Problem details
Reproduce the records that follow in full, excluding any picture they contain.

*** Opening Records for the exercise ***

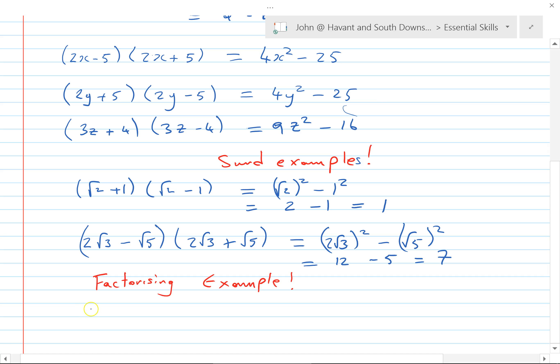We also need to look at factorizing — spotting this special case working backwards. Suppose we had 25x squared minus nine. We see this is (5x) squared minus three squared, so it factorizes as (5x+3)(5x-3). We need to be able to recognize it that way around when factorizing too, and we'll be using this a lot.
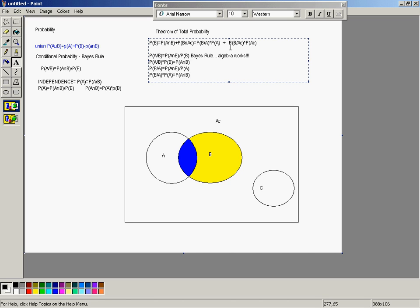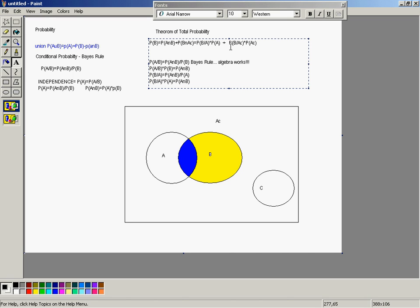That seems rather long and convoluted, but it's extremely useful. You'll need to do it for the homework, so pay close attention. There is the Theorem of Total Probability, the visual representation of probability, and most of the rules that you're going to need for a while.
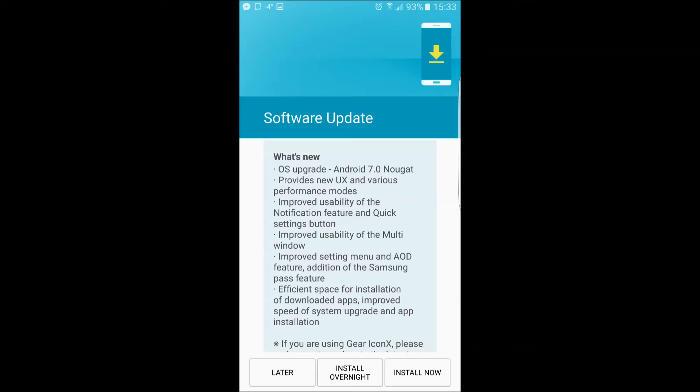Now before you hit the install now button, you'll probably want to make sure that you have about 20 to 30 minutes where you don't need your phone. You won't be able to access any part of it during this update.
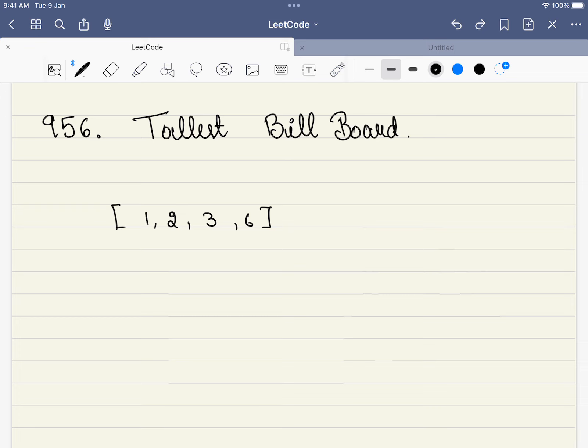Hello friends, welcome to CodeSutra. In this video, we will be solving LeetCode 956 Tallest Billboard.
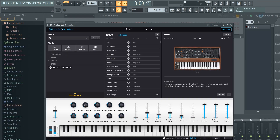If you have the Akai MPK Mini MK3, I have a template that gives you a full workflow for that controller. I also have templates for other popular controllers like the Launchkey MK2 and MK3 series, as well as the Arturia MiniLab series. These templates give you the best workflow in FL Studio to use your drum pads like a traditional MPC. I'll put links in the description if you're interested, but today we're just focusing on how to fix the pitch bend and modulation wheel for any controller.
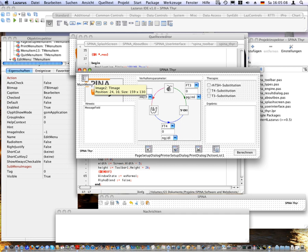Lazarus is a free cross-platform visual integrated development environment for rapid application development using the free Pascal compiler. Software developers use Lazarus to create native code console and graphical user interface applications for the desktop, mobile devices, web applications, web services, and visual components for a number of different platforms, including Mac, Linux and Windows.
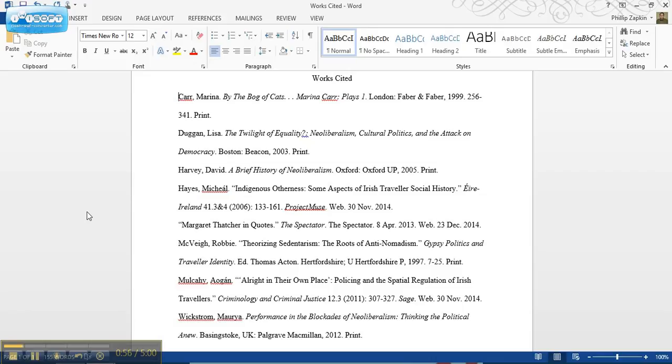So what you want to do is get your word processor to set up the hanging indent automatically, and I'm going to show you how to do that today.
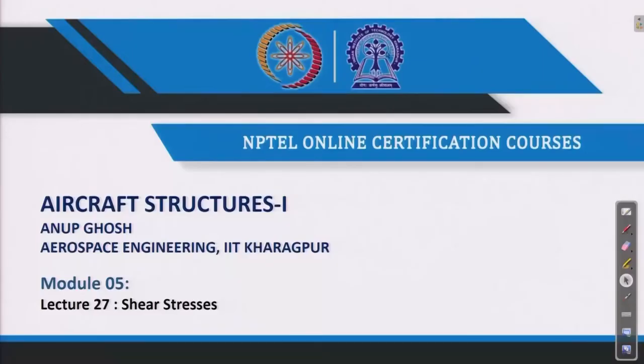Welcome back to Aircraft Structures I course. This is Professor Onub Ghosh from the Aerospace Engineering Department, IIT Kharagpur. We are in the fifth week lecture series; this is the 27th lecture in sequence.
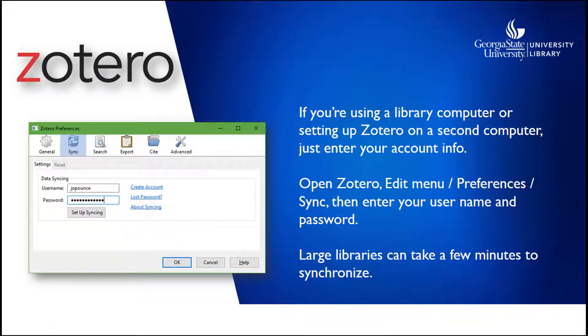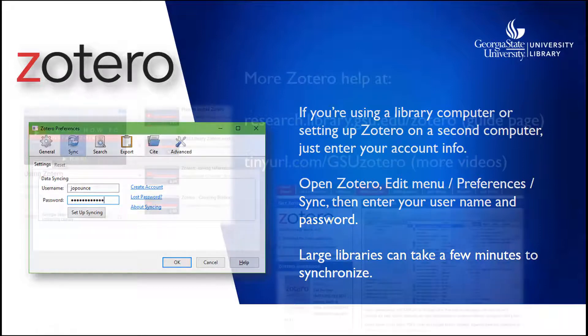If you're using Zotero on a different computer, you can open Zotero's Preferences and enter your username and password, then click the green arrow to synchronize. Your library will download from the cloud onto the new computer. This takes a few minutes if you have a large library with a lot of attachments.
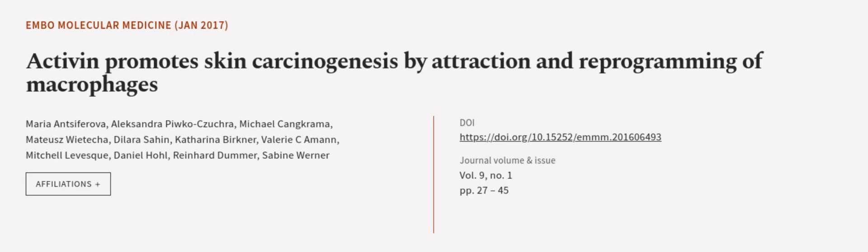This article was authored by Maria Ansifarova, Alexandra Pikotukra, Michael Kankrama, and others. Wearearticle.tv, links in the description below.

*** Closing Records for the exercise ***

Written answer
We also need to look at factorizing — spotting this special case working backwards. Suppose we had 25x squared minus nine. We see this is (5x) squared minus three squared, so it factorizes as (5x+3)(5x-3). We need to be able to recognize it that way around when factorizing too, and we'll be using this a lot.
That seems rather long and convoluted, but it's extremely useful. You'll need to do it for the homework, so pay close attention. There is the Theorem of Total Probability, the visual representation of probability, and most of the rules that you're going to need for a while.
Now before you hit the install now button, you'll probably want to make sure that you have about 20 to 30 minutes where you don't need your phone. You won't be able to access any part of it during this update.
Hello friends, welcome to CodeSutra. In this video, we will be solving LeetCode 956 Tallest Billboard.
If you have the Akai MPK Mini MK3, I have a template that gives you a full workflow for that controller. I also have templates for other popular controllers like the Launchkey MK2 and MK3 series, as well as the Arturia MiniLab series. These templates give you the best workflow in FL Studio to use your drum pads like a traditional MPC. I'll put links in the description if you're interested, but today we're just focusing on how to fix the pitch bend and modulation wheel for any controller.
Lazarus is a free cross-platform visual integrated development environment for rapid application development using the free Pascal compiler. Software developers use Lazarus to create native code console and graphical user interface applications for the desktop, mobile devices, web applications, web services, and visual components for a number of different platforms, including Mac, Linux and Windows.
So what you want to do is get your word processor to set up the hanging indent automatically, and I'm going to show you how to do that today.
Welcome back to Aircraft Structures I course. This is Professor Onub Ghosh from the Aerospace Engineering Department, IIT Kharagpur. We are in the fifth week lecture series; this is the 27th lecture in sequence.
If you're using Zotero on a different computer, you can open Zotero's Preferences and enter your username and password, then click the green arrow to synchronize. Your library will download from the cloud onto the new computer. This takes a few minutes if you have a large library with a lot of attachments.
This article was authored by Maria Ansifarova, Alexandra Pikotukra, Michael Kankrama, and others. Wearearticle.tv, links in the description below.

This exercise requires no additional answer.